Captioned web image data
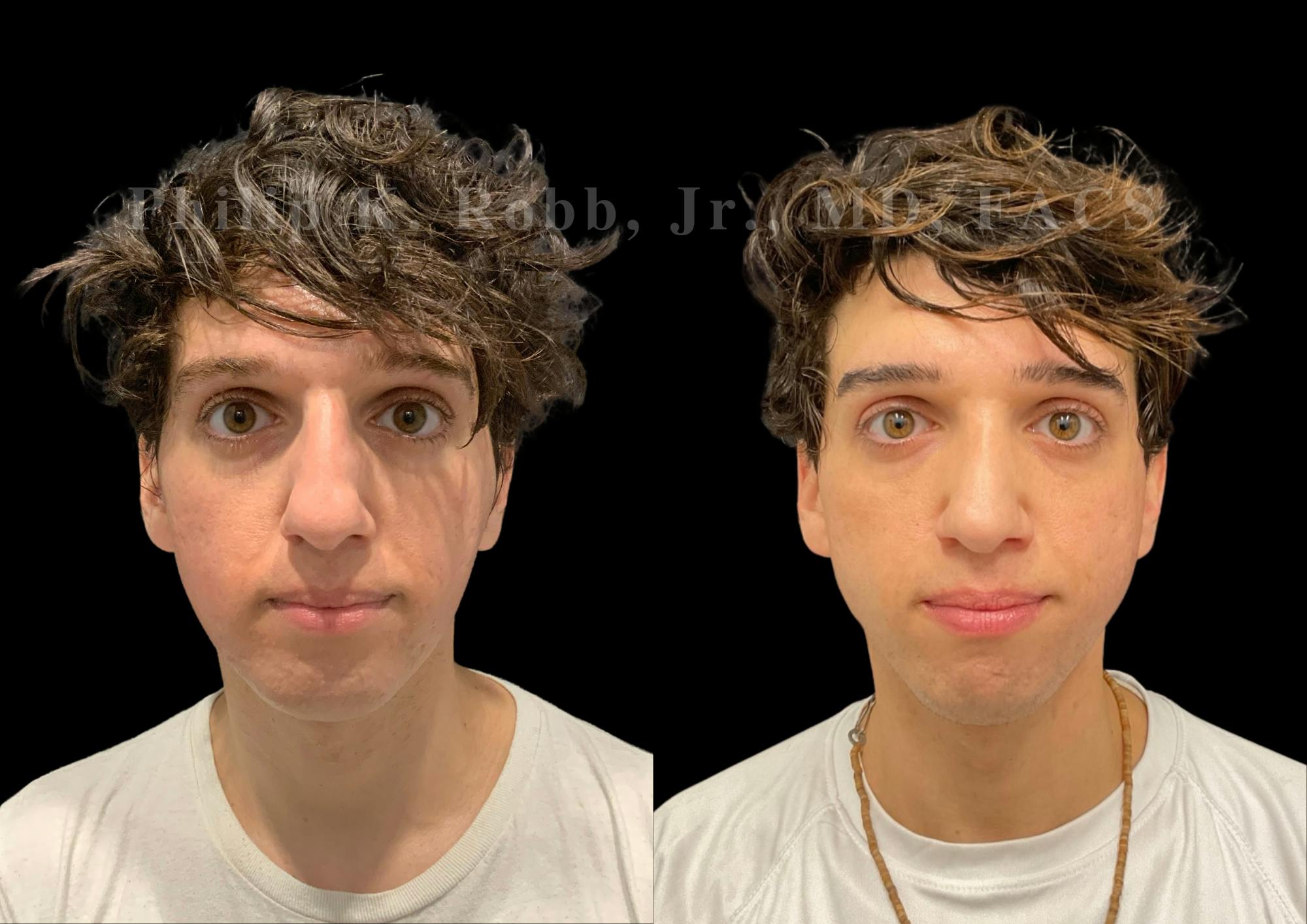 Ultrasonic Rhinoplasty Before & After Gallery - Patient 230223 - Image 3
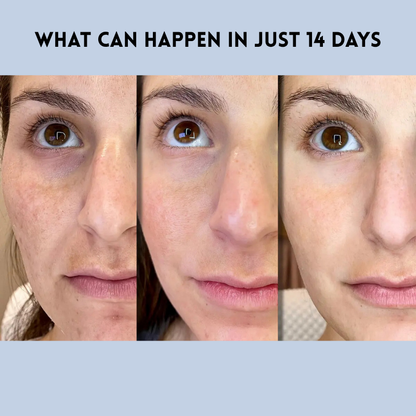 DermaLift™ Bandes Lissantes pour la Peau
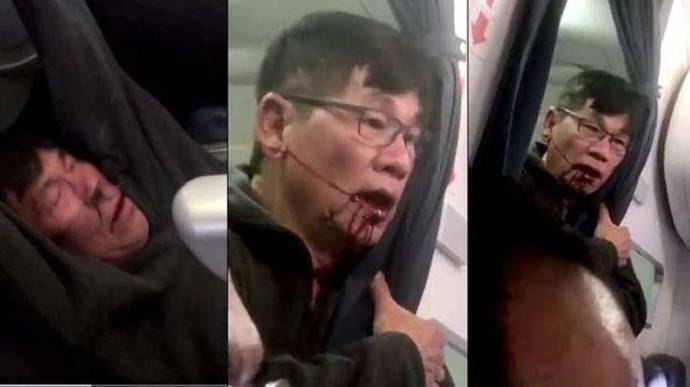 David Dao, el pasajero expulsado de United Airlines. (Foto: Captura)

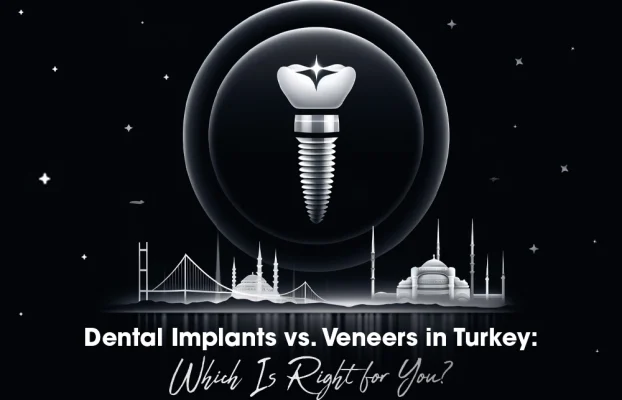 Dental Implants vs Dental Veneers in Turkey : Which Is Right for You?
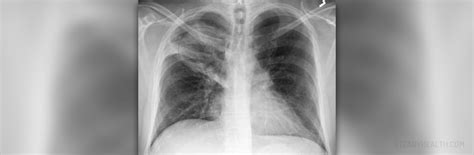 Dust pneumonia facts | General center | SteadyHealth.com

→ Your instructions
Output the records exactly, please. The pictures are not part of the copy.

→ Exercise solution
 Ultrasonic Rhinoplasty Before & After Gallery - Patient 230223 - Image 3
 DermaLift™ Bandes Lissantes pour la Peau
 David Dao, el pasajero expulsado de United Airlines. (Foto: Captura)

 Dental Implants vs Dental Veneers in Turkey : Which Is Right for You?
 Dust pneumonia facts | General center | SteadyHealth.com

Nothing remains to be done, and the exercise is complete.